■ Supplied data ■
════════════════

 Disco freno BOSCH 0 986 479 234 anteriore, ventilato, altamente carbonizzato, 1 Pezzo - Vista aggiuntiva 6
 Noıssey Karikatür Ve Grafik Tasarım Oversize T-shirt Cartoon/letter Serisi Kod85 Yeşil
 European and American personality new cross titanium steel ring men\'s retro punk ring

════════════════

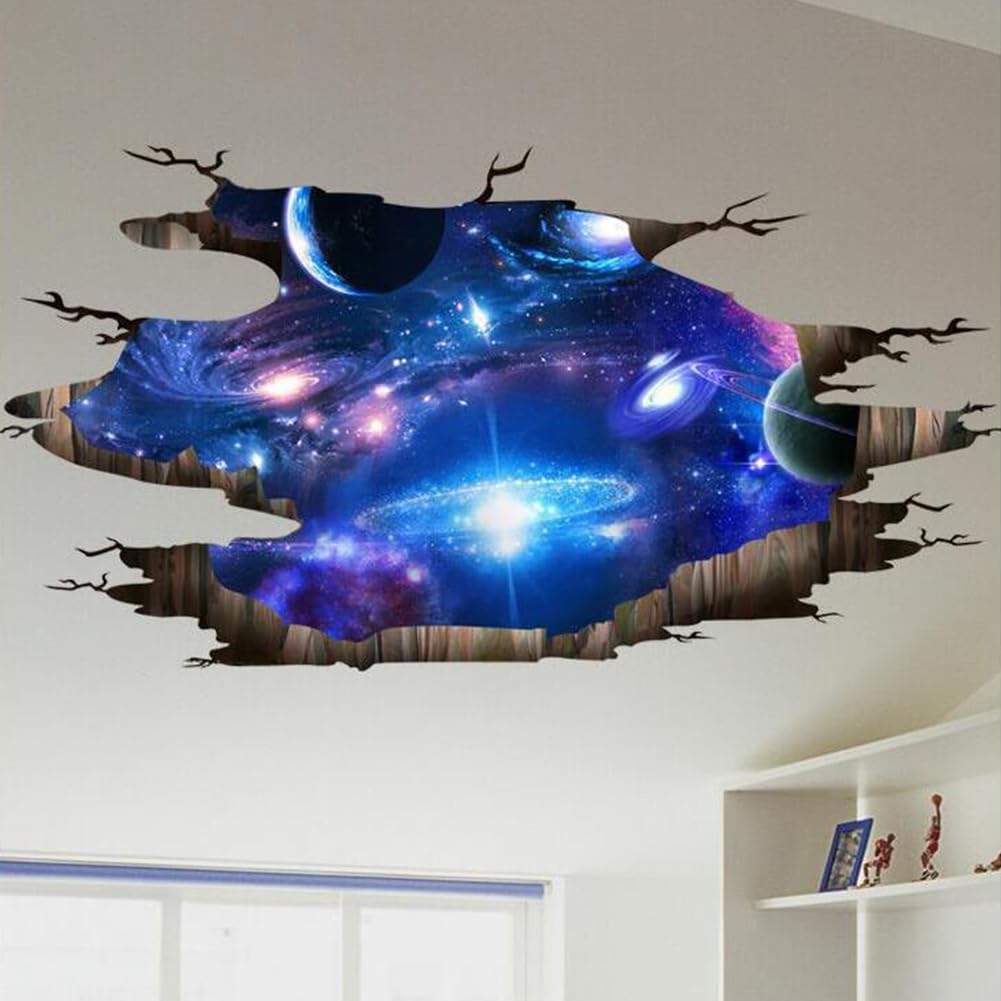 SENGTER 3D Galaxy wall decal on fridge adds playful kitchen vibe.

════════════════

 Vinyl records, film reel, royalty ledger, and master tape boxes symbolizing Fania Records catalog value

════════════════

From the records above, print only the lines between the one holding "Noıssey Karikatür Ve" and the one holding "European and American", inclusive, exactly as they stand.

 Noıssey Karikatür Ve Grafik Tasarım Oversize T-shirt Cartoon/letter Serisi Kod85 Yeşil
 European and American personality new cross titanium steel ring men\'s retro punk ring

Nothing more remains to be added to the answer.